In millions - Source: International Data Corp.

     Now, seeing all the bets being made on its nimble rivals, in comes Merrill Lynch & Co. --a thoroughbred of Wall Street -- indicating the other horse shoe is now about to drop.
     "Consumers are saying .... if Merrill is doing this, it bodes extremely well for future of online trading," said Dan Burke, senior analyst at the Internet data tracking firm Gomez Advisors.
What Merrill's entry means

     Wall Street's biggest bull, Merrill Lynch, announced last week it would, in its typically deliberate fashion, join in on the online trading craze -- first reaching out to its deep-pocketed clients, then to a wider public by December.
     That move, said e-commerce analysts, was nothing short of a revolution for online trading. Prudential Securities also is getting into the act.
     "A year ago [Merrill] claimed clients had absolutely no interest in online trading," said Paul Johnson, a senior analyst at International Data Corp., a research firm. "It's a major point in the evolution of online investing."
     While top brokers such as Morgan Stanley Dean Witter or Donaldson, Lufkin & Jenrette had already spread their online wings, they had preferred to view Internet trades as a separate phenomenon from their traditional business.

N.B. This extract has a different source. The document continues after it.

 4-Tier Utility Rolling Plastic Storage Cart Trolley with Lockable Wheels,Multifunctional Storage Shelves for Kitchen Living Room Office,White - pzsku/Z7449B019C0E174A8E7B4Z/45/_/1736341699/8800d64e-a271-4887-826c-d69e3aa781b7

     Merrill's entry, on the other hand, highlighted what some call a watershed realization by the brokerage - that the Internet isn't just a fly-by-night occurrence, it's forcing the brokerage to recast its entire business model.

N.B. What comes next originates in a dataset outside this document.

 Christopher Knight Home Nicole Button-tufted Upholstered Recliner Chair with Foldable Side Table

     Bill Burnham, an Internet stock analyst with CS First Boston, estimates the online brokers processed as many as 499,000 trades per day in the first quarter, siphoning off some business from traditional Wall Street houses.
     While a lumbering giant, Merrill is poised to fare well in cyberspace, analysts said. That is because it's got a base of customers that forms its revenue core -- and reaching onto the Net is just another service for them.

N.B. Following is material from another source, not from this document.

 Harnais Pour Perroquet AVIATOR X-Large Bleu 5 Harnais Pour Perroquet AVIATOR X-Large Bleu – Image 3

     Yes, analysts admit, there is the potential for hemorrhaging of customers at Merrill because of the online trading phenomenon -- that's why the brokerage is getting in the game.
     The lure of cut-rate trading options is an enticing one for many investors. But in the Internet era, as far as brokers' survival goes, the key, analysts say, will be something Merrill already has: client assets.
     In the old world of banking, as you may recall, banks used to make their money off of interest from the loans they gave you. And the more of you -- the customers -- a bank had, the more it could collect in interest.
     The young online brokerages don't have that. While they've shown promise in assembling a solid base of devotees, they're still far from the size of Merrill.
     Sterling of Jupiter said, for example, that Merrill's assets under management, at about $1.3 to $1.4 billion, amounts to roughly 1,000 times more than an upstart like Suretrade, at about $1.3 billion.
     By latest count, Schwab has about $520 billion under management, E*Trade $15.2 billion, Ameritrade, $11.4 billion, DLJdirect, $8.9 billion and Datek about $4.6 billion.
     So while online brokers will need to spin their wheels -- by way of a hefty marketing push -- to catch up, Merrills of the brokerage world sit comfortably on their client cash hoards and take their time plotting Internet strategy.
     Merrill still faces challenges. Bill Doyle, an analyst at Forrester Research, wrote in a brief that mid-tier online brokerages will chalk up as many as 700,000 new accounts before the bull brokerage offers a per-trade option, at $29.95 per trade, starting in December.
     "Online brokers face a lot of challenges with technical issues -- Merrill is no different," said Johnson. "They aren't accustomed to operating at Internet speeds."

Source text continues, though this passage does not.